TweedleD: Arre there is nautanki by Munni Bai, she is getting old but can still shake her hips.! Chulbul Pandey is played by Salman Khan, and Bhai is the hero of the masses! We can relate to him. Bhai speaks our language – “Hum tum mein itne chedd karenge ki bhool jaaoge ki saans kahaan se lein aur paadein kahan se!!” (at this point TweedleD is laughing so much he collapses on the man in front of him, who is laughing his head off too. Bhaichaare mein sab chalta hai!) TweedleD is helped up and in gratitude shares with the other Bhailog the vuvuzelas he has brought for the festivities.
TweedleJi recoils in horror at this crudity and begins to wonder about the wisdom of coming to a single screen. But he thinks of all the scripts he sends in that are returned unread, and stiffens his spine.
They settle down with popcorn and the film begins. Two child actors have wrapped their janeu (sacred thread) around their ears and are crapping in a field. TweedleJi has a flash-back to the last film they saw together. Cut to a heist and a confrontation where Chulbul Pandey takes on one goon after another in quick succession, keeping the trope of the 70s masala gangster and cop films intact. Nothing has changed, no heavy artillery, no backup, and the vuvuzelas and seetis are drowning out the dialog as people dance in the aisles with Chulbul Pandey.

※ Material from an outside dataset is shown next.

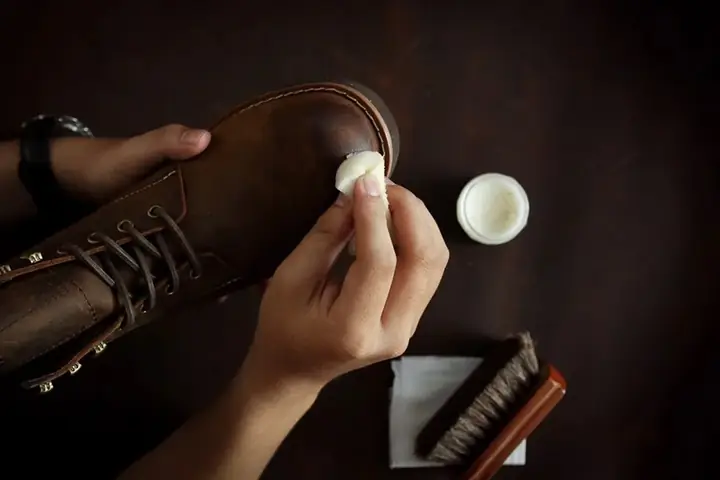 Cách Tẩy Xi Đánh Giày Trên Da Sáp Hiệu Quả Và An Toàn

Dimple Kapadia manages to look like an asthmatic witch and Vinod Khanna is incredibly stony as the father PandeyJi. The company of such thespians no doubt inspires Arbaaz Khan to be his stony best as the brother Makhkhi. Then Chulbul ji encounters a smoldering beauty (Sonakshi Sinha) and is instantly smitten. Tere Mast Mast Do Nain showcases the full-on pelvic action male stripper dance moves of Chulbul Bhai. TweedleD wonders when we will see her joining in the dancing. TweedleJi is muttering at the stupidity of having a father dance around in underwear to Humka Peeni Hai as a thana full of cops tries to help their Inspector Chulbul Pandey woo one girl.
TweedleJi learns some quick lessons as he watches the crowds going crazy. The script can go to hell, you need one crowd-pleasing hero who speaks in semiliterate-speak and breaks all the laws while being a good heart – a Robin Hood! He should have ishtyle, and several seeti-maar dialogs, and preferably woo a leading lady who is not an emaciated fashionista! So Salman Bhai is the prime reason for the euphoria of the crowd – he is THEM. The second reason Dabanng will work big is Sonakshi; she is very normal and the aam junta can relate to her – a good looking but not anorexic or over-endowed movie star. She is attainable, while those GUCCI and PRADA wearing Aisha types never will be. And this woman actually has a bit of a role in this predominantly male focused revenge saga action film, and some importance in the tale; in Wanted Ayesha Takia was simply harassed and ridiculed and wasted.
TweedeD is squirming in his seat and very distracted. When asked he simply says MUNNI BAI kahaan hai? And just them the crowd ROARS into action as Munni becomes badnaam yet again! Chulbul Bhai goes into high gear with his signature steps, while the villainous Sonu Sood turns into a buffoon. In fact what Bhai pulls off as a semi-literate accent never quite works on Sonu and a real villain is sorely missed in this masala throwback tale. Now it is all over but for the explosions, and gun fights and wire-action, and of course the sentimental moments when Pandeyji finally turns into a father for Chulbul. And it is all brought about by one inhaler – an acknowledgment of the modern era in this otherwise 70s film!
The film ends and the twin Tweedles file out, D humming Munni Badnaam Hui while Ji is pondering on lessons learnt. Ji is struck by the parallel between Salman Khan and Arnold Schwarzenegger! Both body-builders and men of dubious acting skills, but they have the ability to chew up the scenery when they are in a frame, they can make a film watchable simply by being themselves and showing their ripped bodies once in a while. And both have the ability to make the MOST out of one-liners, something that Hindi cinema always wants but rarely has. The role of the director Anubhav Sinha, in the making of this film, seems to have been to dress Salman in Khaki uniform, plaster on a mustache, point him in the right direction and yell – GO BE YOURSELF!